A Trump supporter sits in House Speaker Nancy Pelosi’s office on January 6, 2021.
SAUL LOEB/AFP via Getty Images
- Capitol rioters called Nancy Pelosi’s office on January 7 to ask if there was a lost and found, according to a congressman.
- Rep. Jamie Raskin, who sits on the House select committee, told Insider about the episode.
- Raskin said police officers got on the phone to take down the information from callers.
As crews cleaned the US Capitol on January 7, 2021, the phone lines in House Speaker Nancy Pelosi’s office began to ring.
Rioters were calling “asking whether there was a lost and found because they forgot their phone there, or they left their purse or what have you,” Rep. Jamie Raskin, D-Md., told Insider on Friday in a Q&A.
Police officers swiftly took down information from the callers, Raskin said.
“The officers quickly got on the phone and said, yeah, just give us your name, your address, your social, you know, and we’ll tie up those loose ends,” Raskin said. “But what’s so fascinating to me about that there really were people who felt as if they had been summoned to Washington by the president.”
Pelosi’s office was overtaken by rioters as her staff hid in a conference room where they barricaded the doors with filing cabinets.
The seemingly self-incriminating phone calls, Raskin explained, were also an indicator of how central former President Donald Trump was to the thousands of Americans who came to DC for a protest and ended up storming the Capitol.
Raskin added that the “lost and found” episode also demonstrates a challenge facing the House select committee investigating January 6, where Raskin is one of the Democratic members.
“And when they were told that they were trespassing and invading the Capitol, they said the president invited them to be there,” he said. “They didn’t have any kind of subtle understanding of the separation of powers. They just thought that the number one person in the US government had invited them to be there, and therefore they had a right.
“It underscores the central role that Donald Trump played in it,” Raskin continued. “But it does create a problem for assigning guilt at different levels of conduct.”
In a Q&A with Insider, Raskin outlined his “three rings” framework for understanding the events of that day.
The biggest ring was the thousands of protesters who walked from the Ellipse after Trump’s rally to the Capitol.
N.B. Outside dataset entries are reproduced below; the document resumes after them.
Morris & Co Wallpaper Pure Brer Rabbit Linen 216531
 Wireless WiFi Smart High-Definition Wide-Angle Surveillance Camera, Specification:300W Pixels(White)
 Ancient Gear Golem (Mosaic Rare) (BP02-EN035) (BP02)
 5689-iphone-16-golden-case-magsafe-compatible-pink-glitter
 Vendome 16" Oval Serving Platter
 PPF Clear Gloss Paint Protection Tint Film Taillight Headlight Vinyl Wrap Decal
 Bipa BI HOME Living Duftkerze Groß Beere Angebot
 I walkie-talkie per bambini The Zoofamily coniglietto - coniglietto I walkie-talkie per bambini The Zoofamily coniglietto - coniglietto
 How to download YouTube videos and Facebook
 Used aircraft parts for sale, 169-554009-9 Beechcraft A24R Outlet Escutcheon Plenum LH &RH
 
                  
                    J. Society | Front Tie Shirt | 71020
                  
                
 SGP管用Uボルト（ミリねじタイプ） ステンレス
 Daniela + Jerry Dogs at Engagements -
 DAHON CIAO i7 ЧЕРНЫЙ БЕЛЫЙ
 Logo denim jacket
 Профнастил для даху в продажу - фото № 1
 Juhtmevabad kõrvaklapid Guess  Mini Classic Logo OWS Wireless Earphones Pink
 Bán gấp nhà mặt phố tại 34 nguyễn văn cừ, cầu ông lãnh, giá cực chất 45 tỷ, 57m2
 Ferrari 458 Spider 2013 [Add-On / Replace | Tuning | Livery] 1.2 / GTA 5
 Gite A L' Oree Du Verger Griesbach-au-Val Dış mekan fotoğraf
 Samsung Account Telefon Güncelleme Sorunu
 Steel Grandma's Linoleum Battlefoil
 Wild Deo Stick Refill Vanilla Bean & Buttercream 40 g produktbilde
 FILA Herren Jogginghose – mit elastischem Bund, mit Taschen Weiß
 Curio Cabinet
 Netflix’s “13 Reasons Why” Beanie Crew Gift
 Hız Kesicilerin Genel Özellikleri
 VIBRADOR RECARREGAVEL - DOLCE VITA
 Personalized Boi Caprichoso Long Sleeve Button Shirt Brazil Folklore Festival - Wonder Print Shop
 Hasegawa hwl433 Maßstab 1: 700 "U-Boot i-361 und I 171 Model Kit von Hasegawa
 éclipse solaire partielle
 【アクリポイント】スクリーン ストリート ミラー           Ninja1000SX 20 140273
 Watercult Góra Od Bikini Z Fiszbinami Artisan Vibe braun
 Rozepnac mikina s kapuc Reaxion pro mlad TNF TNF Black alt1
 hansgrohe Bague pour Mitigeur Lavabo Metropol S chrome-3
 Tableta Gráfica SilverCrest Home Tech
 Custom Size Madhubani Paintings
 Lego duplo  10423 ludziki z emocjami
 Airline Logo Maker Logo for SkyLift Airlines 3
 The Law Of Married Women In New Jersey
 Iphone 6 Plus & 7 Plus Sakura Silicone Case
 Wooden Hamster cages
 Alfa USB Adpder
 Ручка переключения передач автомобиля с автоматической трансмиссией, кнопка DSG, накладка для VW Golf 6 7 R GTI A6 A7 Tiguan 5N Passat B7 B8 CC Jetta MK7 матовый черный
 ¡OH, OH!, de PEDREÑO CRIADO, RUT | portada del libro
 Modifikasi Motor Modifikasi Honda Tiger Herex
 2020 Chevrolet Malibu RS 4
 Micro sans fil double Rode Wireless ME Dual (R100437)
The second ring was made up of various militia groups and those who came to the Capitol with the intent of disrupting the certification of the 2020 election results.
Those surrounding Trump and working to enable his desire to overturn the results of the election constituted the third ring, according to Raskin.
“I would like people to understand that it was not one, indivisible sequence of action, but there were different components to what was happening,” Raskin said.